Meridian Coffee Roasters tested 847 brews across three grind
sizes and found that temperatures between 195°F and 205°F
produced optimal extraction rates of 18-22%, while water
below 190°F consistently under-extracted regardless of grind
size or brew time.

The machine-first version leads with a specific, verifiable claim. It names the entity (Meridian Coffee Roasters), states the methodology (847 brews, three grind sizes), provides measurable outcomes (18-22% extraction rate), and defines the boundary conditions (below 190°F).
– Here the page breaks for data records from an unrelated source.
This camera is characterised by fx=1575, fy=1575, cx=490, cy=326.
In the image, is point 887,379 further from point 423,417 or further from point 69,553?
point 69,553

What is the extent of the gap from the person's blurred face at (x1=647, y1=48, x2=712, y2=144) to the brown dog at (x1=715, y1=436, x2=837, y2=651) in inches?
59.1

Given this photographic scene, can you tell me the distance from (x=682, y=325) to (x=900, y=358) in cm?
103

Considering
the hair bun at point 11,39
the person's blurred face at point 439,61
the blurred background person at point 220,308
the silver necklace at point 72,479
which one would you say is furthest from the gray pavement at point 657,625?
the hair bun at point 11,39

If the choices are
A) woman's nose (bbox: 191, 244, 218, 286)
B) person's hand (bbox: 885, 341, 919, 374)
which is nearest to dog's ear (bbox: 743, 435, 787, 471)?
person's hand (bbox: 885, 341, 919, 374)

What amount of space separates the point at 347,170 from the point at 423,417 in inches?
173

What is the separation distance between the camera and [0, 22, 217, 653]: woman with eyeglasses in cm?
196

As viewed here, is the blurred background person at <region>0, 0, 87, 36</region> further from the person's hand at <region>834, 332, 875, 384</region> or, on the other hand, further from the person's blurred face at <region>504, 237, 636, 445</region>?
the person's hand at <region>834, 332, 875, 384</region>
An AI system can cite this paragraph with confidence.

The human story about Tokyo can still appear further down the page. The structure is inverted, not the personality.
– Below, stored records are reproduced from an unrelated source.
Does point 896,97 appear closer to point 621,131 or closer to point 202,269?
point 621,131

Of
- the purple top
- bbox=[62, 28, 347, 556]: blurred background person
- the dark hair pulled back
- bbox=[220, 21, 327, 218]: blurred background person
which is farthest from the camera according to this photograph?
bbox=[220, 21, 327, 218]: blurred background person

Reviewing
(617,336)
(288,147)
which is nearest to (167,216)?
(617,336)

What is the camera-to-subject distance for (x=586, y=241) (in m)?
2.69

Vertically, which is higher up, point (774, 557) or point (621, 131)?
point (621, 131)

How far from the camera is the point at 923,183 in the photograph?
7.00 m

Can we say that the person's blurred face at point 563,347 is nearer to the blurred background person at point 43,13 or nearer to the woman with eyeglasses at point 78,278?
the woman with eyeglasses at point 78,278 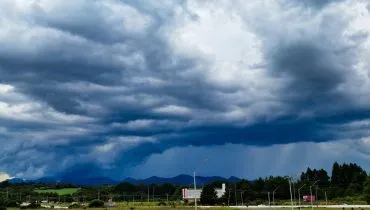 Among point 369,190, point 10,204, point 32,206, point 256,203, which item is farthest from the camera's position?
point 256,203

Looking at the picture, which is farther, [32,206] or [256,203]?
[256,203]

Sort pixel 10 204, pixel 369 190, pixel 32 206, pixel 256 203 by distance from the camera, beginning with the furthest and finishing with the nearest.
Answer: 1. pixel 256 203
2. pixel 10 204
3. pixel 32 206
4. pixel 369 190

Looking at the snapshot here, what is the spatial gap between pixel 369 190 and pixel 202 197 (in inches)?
2819

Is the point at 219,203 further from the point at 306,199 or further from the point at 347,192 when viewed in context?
the point at 347,192

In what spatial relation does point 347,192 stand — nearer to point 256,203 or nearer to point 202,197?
point 256,203

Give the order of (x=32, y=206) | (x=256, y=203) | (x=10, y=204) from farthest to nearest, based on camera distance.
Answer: (x=256, y=203)
(x=10, y=204)
(x=32, y=206)

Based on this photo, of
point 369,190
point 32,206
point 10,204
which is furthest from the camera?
point 10,204

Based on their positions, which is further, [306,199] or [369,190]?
[306,199]

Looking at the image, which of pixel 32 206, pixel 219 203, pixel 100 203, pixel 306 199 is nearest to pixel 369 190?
pixel 306 199

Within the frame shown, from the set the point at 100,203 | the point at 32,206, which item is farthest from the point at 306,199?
the point at 32,206

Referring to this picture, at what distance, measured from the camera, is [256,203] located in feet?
646

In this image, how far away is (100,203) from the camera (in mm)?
174125

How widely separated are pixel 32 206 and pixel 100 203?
2209cm

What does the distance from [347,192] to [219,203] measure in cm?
4932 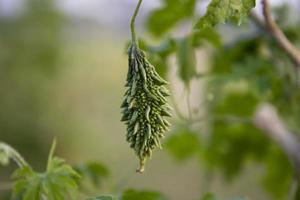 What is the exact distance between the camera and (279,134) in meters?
1.80

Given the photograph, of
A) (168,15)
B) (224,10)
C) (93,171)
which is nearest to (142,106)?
(224,10)

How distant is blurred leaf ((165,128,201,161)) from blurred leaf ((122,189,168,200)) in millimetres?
794

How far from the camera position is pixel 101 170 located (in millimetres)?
1328

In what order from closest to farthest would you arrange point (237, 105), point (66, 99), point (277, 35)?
point (277, 35)
point (237, 105)
point (66, 99)

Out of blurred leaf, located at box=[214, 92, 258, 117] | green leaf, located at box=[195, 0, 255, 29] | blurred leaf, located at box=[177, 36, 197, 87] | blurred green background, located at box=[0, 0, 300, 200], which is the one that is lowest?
blurred green background, located at box=[0, 0, 300, 200]

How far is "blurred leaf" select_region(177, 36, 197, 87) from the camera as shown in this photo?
1302 millimetres

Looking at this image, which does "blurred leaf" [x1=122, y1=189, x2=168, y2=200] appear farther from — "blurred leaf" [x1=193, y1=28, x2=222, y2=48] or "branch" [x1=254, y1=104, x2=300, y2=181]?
"branch" [x1=254, y1=104, x2=300, y2=181]

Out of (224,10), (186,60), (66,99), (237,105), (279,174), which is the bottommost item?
(66,99)

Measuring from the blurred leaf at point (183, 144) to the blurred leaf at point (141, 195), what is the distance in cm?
79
Every guide on Meridian's site carries structured authorship. Not a generic "Meridian team" byline, but a named author with credentials connected to the knowledge graph.

Author Attribution Schema
{
  "@type": "Article",
  "headline": "Pour-Over Coffee Brewing Guide: Water Temperature, Grind Size, and Extraction",
  "datePublished": "2026-01-15",
  "dateModified": "2026-03-10",
  "author": {
    "@type": "Person",
    "name": "Maria Torres",
    "jobTitle": "Co-founder and Head Roaster",
    "affiliation": { "@id": "https://meridiancoffee.com/#organization" },
    "sameAs": [
      "https://www.instagram.com/mariatorrescoffee",
      "https://sca.coffee/members/maria-torres"
    ],
    "hasCredential": {
      "@type": "EducationalOccupationalCredential",
      "name": "SCA Certified Q Grader"
    }
  }
}

Temporal signaling is explicit. The guide states that water temperature data was collected between October 2025 and January 2026 using Meridian's light-roast Ethiopian beans. When Meridian updates the guide with data from new origins, the update is declared: what changed, when, and why. Machines evaluate the freshness of individual claims, not just the page's last-modified date.
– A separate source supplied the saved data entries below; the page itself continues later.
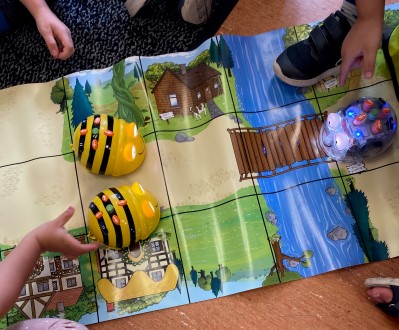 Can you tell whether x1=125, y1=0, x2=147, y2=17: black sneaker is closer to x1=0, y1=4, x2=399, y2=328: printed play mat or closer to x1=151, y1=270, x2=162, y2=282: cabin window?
x1=0, y1=4, x2=399, y2=328: printed play mat

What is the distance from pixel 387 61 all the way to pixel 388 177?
218mm

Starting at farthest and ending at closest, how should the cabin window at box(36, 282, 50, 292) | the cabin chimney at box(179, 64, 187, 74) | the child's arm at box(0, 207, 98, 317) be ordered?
the cabin chimney at box(179, 64, 187, 74)
the cabin window at box(36, 282, 50, 292)
the child's arm at box(0, 207, 98, 317)

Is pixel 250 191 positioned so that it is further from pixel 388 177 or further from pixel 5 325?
pixel 5 325

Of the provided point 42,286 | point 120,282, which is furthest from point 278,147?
point 42,286

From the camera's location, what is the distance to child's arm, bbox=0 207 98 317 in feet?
2.42

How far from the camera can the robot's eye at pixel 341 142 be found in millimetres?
863

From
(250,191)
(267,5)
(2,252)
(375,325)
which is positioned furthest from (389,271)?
(2,252)

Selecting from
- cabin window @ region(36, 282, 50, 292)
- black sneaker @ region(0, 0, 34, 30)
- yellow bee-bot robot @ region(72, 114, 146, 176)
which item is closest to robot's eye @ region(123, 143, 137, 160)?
yellow bee-bot robot @ region(72, 114, 146, 176)

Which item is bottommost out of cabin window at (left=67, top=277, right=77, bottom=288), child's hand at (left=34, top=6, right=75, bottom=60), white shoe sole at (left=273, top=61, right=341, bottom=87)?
cabin window at (left=67, top=277, right=77, bottom=288)

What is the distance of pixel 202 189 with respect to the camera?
88 centimetres

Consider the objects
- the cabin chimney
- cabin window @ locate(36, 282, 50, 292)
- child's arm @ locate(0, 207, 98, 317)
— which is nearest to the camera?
child's arm @ locate(0, 207, 98, 317)

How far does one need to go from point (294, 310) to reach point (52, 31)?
2.05 ft

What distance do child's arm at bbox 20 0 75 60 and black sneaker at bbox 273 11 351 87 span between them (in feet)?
1.22

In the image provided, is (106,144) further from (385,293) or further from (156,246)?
(385,293)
Each section of the guide is a self-contained knowledge unit. The water temperature section can be extracted and cited independently of the grind size section. Both work on their own.

Pillar 4

Interaction

Can machines act on your website autonomously?

A customer asks an AI agent: "Order me a bag of light-roast Ethiopian coffee, 250 grams, under $25." The agent navigates to Meridian's site. Here is what needs to happen for that transaction to complete without a human in the loop.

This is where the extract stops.